Usability metrics

Although measuring usability can cost four times as much as conducting qualitative studies (which often generate better insight), metrics are sometimes worth the expense. Among other things, metrics can help managers track design progress and support decisions about when to release a product.

Usability can be measured, but it rarely is. The reason? Metrics are expensive and are a poor use of typically scarce usability resources.

Most companies still under-invest in usability. With a small budget, you’re far better off passing on quantitative measures and reaching for the low-hanging fruit of qualitative methods, which provide a much better return on investment. Generally, to improve a design, insight is better than numbers.

However, the tide might be turning on usability funding. I’ve recently worked on several projects to establish formal usability metrics in different companies. As organizations increase their usability investments, collecting actual measurements is a natural next step and does provide benefits. In general, usability metrics let you:

  • Track progress between releases. You cannot fine-tune your methodology unless you know how well you’re doing.
  • Assess your competitive position. Are you better or worse than other companies? Whereare you better or worse?
  • Make a Stop/Go decision before launch. Is the design good enough to release to an unsuspecting world?
  • Create bonus plans for design managers and higher-level executives. For example, you can determine bonus amounts for development project leaders based on how many customer-support calls or emails their products generated during the year.

How to Measure

It is easy to specify usability metrics, but hard to collect them. Typically, usability is measured relative to users’ performance on a given set of test tasks. The most basic measures are based on the definition of usability as a quality metric:

  • success rate (whether users can perform the task at all),
  • the time a task requires,
  • the error rate, and
  • users’ subjective satisfaction.

It is also possible to collect more specific metrics, such as the percentage of time that users follow an optimal navigation path or the number of times they need to backtrack.

You can collect usability metrics for both novice users and experienced users. Few websites have truly expert users, since people rarely spend enough time on any given site to learn it in great detail. Given this, most websites benefit most from studying novice users. Exceptions are sites like Yahoo and Amazon, which have highly committed and loyal users and can benefit from studying expert users.

Intranets, extranets, and weblications are similar to traditional software design and will hopefully have skilled users; studying experienced users is thus more important than working with the novice users who typically dominate public websites.

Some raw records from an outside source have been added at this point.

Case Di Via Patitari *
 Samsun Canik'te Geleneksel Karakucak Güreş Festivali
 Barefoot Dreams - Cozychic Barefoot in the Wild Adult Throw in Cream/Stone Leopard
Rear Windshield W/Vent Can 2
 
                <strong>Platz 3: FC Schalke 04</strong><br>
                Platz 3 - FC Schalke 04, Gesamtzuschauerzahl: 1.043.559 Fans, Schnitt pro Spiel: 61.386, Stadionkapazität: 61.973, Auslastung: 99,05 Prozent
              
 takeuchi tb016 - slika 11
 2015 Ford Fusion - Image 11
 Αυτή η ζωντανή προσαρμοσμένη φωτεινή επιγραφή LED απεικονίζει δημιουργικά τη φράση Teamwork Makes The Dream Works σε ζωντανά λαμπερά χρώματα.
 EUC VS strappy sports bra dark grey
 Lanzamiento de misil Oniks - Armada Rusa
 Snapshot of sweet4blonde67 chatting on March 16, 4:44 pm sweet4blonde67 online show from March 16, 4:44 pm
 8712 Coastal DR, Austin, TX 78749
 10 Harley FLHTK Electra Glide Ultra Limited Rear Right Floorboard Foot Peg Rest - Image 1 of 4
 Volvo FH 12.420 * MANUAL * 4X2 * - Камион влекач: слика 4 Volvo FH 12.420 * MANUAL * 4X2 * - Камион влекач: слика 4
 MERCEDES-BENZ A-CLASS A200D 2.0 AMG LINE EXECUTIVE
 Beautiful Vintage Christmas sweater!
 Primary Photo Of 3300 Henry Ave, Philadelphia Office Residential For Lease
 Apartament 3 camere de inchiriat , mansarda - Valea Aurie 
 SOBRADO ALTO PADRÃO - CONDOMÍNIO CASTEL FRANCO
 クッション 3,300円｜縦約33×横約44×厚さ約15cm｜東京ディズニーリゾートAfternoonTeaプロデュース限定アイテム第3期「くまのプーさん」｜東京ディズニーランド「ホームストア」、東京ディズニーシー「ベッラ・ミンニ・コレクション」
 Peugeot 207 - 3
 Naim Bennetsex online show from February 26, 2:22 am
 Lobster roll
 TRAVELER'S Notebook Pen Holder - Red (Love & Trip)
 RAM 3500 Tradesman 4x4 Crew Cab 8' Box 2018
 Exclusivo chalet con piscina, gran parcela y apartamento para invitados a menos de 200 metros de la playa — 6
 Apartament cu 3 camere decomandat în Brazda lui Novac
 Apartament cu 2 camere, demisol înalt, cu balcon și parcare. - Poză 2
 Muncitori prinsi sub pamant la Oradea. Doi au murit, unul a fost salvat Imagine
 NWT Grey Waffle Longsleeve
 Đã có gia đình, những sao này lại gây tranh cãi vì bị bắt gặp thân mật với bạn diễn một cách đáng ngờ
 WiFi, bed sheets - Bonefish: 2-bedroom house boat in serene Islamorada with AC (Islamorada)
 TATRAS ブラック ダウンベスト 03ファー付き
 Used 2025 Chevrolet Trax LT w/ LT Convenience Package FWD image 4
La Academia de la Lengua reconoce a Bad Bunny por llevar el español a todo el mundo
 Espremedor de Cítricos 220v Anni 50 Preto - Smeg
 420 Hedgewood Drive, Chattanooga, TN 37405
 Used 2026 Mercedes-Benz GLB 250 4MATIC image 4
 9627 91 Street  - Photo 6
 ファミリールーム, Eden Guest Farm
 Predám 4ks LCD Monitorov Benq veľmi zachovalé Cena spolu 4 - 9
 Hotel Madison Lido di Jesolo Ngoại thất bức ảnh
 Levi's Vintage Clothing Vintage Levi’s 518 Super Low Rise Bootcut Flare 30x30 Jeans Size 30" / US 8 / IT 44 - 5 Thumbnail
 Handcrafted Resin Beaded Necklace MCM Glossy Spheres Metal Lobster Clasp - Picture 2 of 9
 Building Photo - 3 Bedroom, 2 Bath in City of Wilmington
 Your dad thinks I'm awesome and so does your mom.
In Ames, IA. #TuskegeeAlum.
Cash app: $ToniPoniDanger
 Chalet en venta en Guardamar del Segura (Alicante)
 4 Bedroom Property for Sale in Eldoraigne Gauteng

With qualitative user testing, it is enough to test three to five users. After the fifth user tests, you have all the insight you are likely to get and your best bet is to go back to the drawing board and improve the design so that you can test it again. Testing more than five users wastes resources, reducing the number of design iterations and compromising the final design quality.

Unfortunately, when you’re collecting usability metrics, you must test with more than five users. In order to get a reasonably tight confidence interval on the results, I usually recommendtesting 20 users for each design. Thus, conducting quantitative usability studies is approximately four times as expensive as conducting qualitative ones. Considering that you can learn more from the simpler studies, I usually recommend against metrics unless the project is very well funded.

Comparing Two Designs

To illustrate quantitative results, we can look at those recently posted by Macromedia from its usability study of a Flash site, aimed at showing that Flash is not necessarily bad. Basically, Macromedia took a design, redesigned it according to a set of usability guidelines, and tested both versions with a group of users. Here are the results:

Original Design Redesign
Task 1 12 sec. 6 sec.
Task 2 75 sec. 15 sec.
Task 3 9 sec. 8 sec.
Task 4 140 sec. 40 sec.
Satisfaction score* 44.75 74.50
*Measured on a scale ranging from
12 (unsatisfactory on all counts) to 84 (excellent on all counts).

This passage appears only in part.